## DATA TO PROCESS
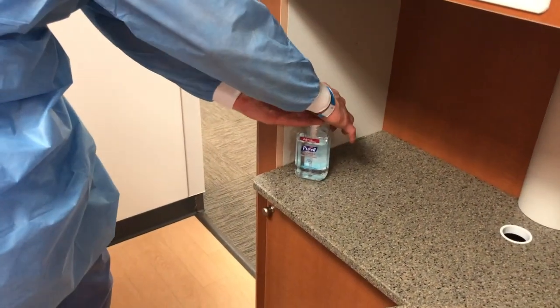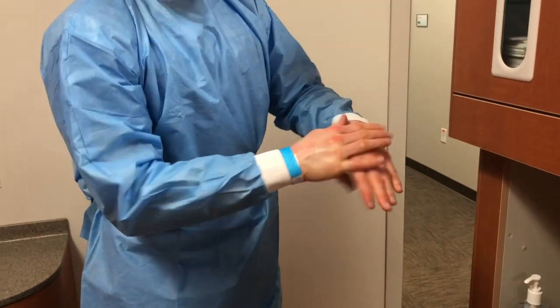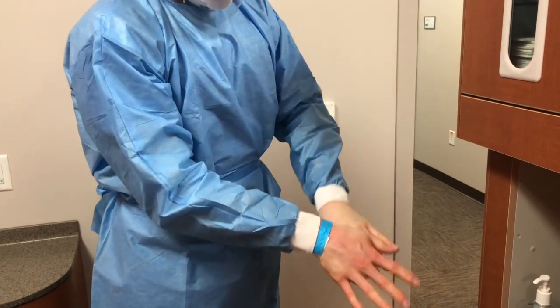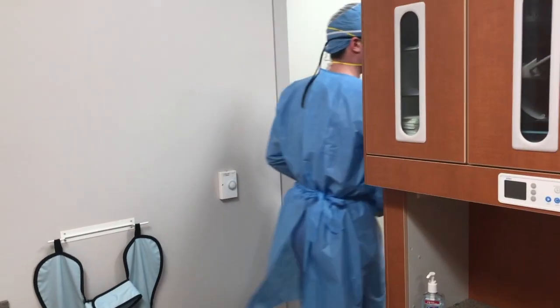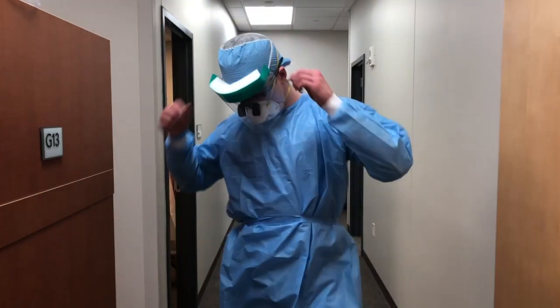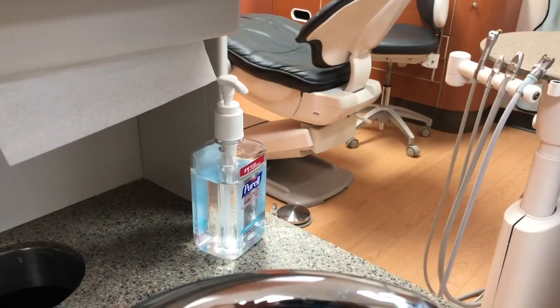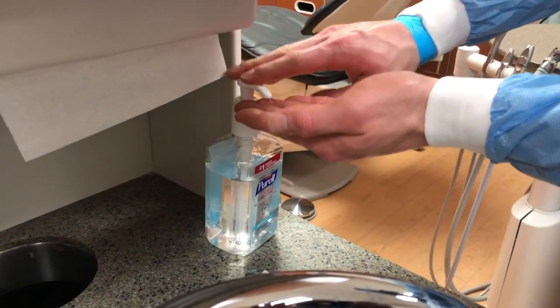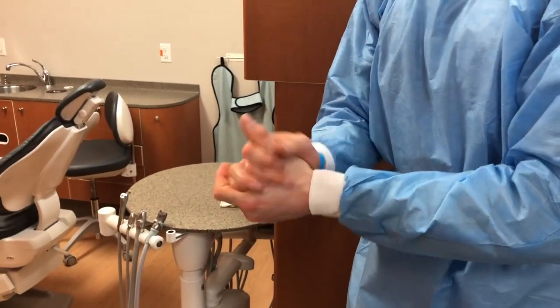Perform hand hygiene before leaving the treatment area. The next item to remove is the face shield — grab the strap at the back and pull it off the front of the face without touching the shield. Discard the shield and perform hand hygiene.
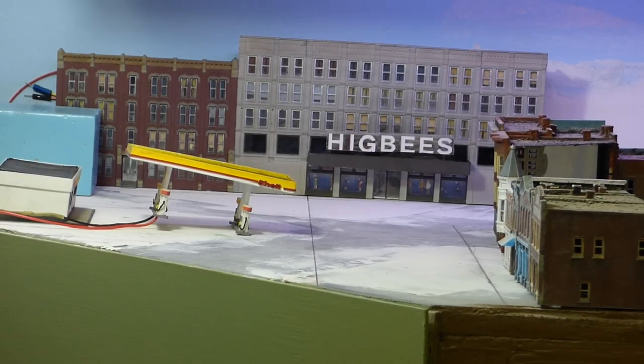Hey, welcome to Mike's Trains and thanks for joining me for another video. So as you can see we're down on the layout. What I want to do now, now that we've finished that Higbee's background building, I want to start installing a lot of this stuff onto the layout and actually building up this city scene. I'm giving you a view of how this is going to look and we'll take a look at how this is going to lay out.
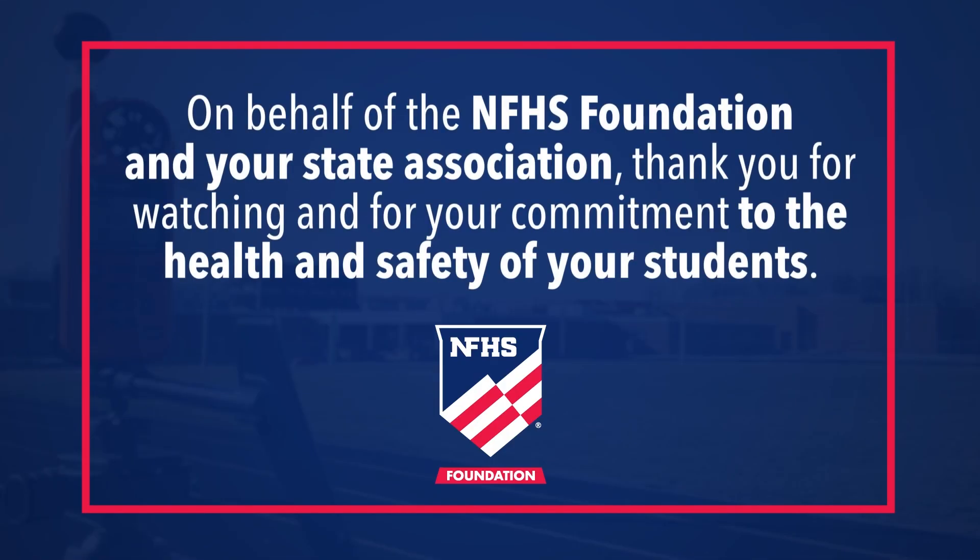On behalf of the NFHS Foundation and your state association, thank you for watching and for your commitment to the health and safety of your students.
...
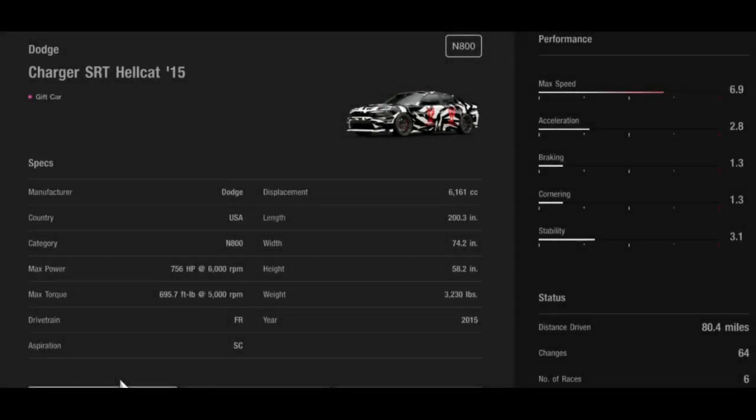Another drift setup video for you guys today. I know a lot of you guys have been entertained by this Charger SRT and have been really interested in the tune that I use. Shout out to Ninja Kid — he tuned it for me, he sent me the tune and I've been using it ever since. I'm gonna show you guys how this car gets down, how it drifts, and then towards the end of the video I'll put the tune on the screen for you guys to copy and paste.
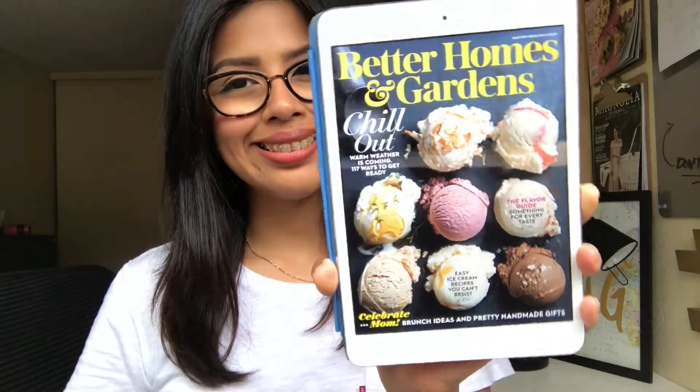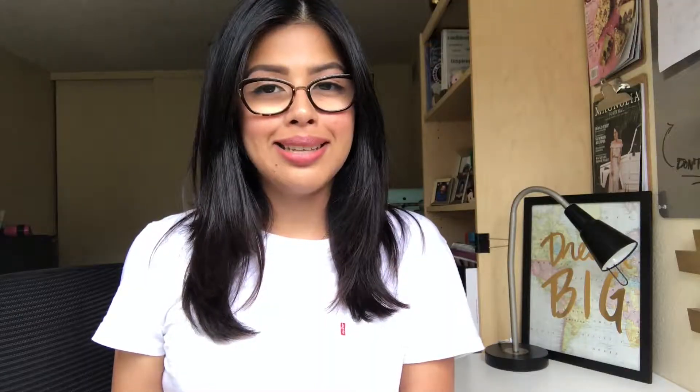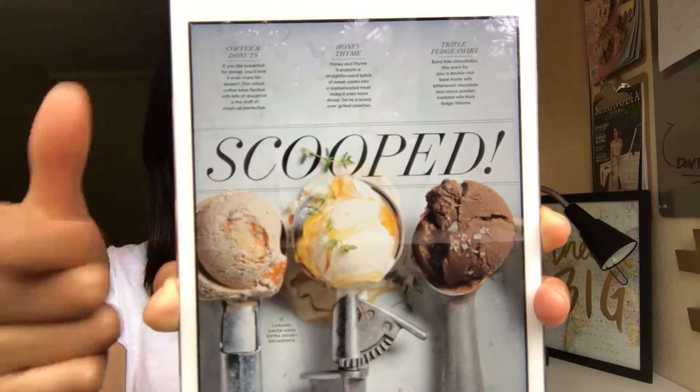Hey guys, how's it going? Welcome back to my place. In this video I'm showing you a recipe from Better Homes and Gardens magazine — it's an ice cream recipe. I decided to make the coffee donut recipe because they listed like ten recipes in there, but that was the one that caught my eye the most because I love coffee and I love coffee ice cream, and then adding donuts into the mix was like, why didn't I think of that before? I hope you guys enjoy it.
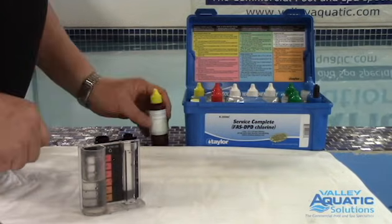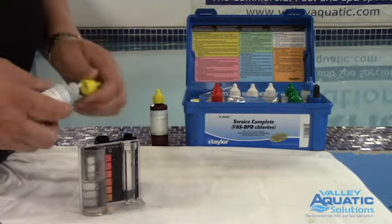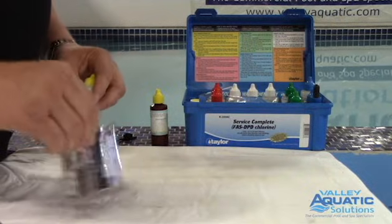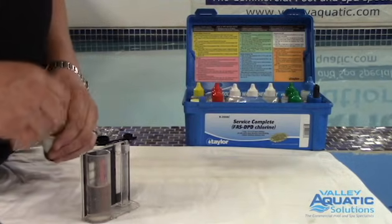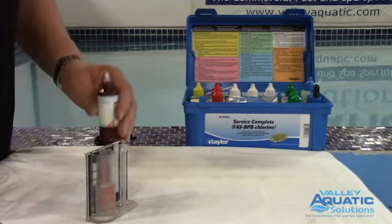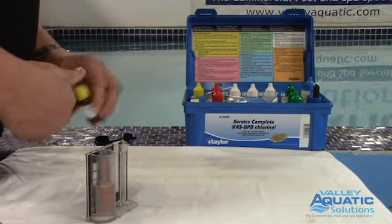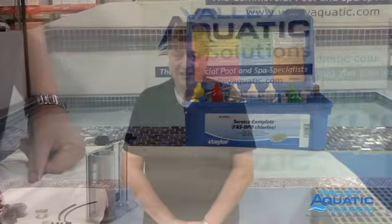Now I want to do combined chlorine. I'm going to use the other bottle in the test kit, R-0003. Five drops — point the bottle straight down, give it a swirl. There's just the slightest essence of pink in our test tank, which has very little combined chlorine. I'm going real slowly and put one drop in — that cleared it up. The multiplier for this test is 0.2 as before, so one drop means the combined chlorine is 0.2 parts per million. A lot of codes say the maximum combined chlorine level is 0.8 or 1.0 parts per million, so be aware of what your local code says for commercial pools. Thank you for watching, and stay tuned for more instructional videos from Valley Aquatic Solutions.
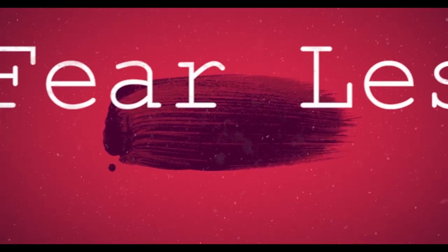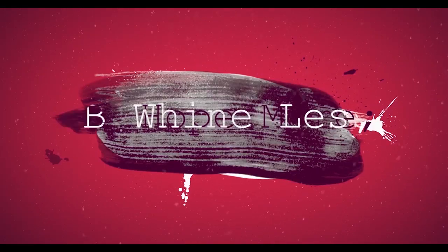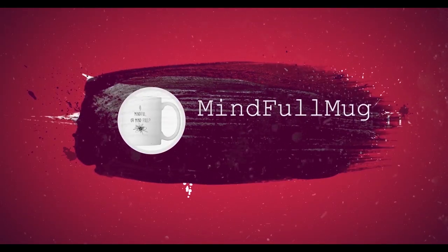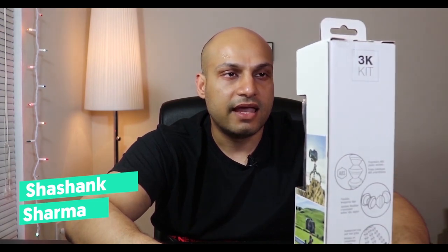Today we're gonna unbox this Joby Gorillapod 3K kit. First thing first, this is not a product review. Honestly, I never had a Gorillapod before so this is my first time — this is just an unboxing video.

## WHAT TO DO
Please repeat the lines of the material above exactly, starting with the line that contains "Perform hand hygiene before" and ending with the line that contains "On behalf of". Leave the pictures out.

## WRITTEN RESPONSE
Perform hand hygiene before leaving the treatment area. The next item to remove is the face shield — grab the strap at the back and pull it off the front of the face without touching the shield. Discard the shield and perform hand hygiene.
Hey, welcome to Mike's Trains and thanks for joining me for another video. So as you can see we're down on the layout. What I want to do now, now that we've finished that Higbee's background building, I want to start installing a lot of this stuff onto the layout and actually building up this city scene. I'm giving you a view of how this is going to look and we'll take a look at how this is going to lay out.
On behalf of the NFHS Foundation and your state association, thank you for watching and for your commitment to the health and safety of your students.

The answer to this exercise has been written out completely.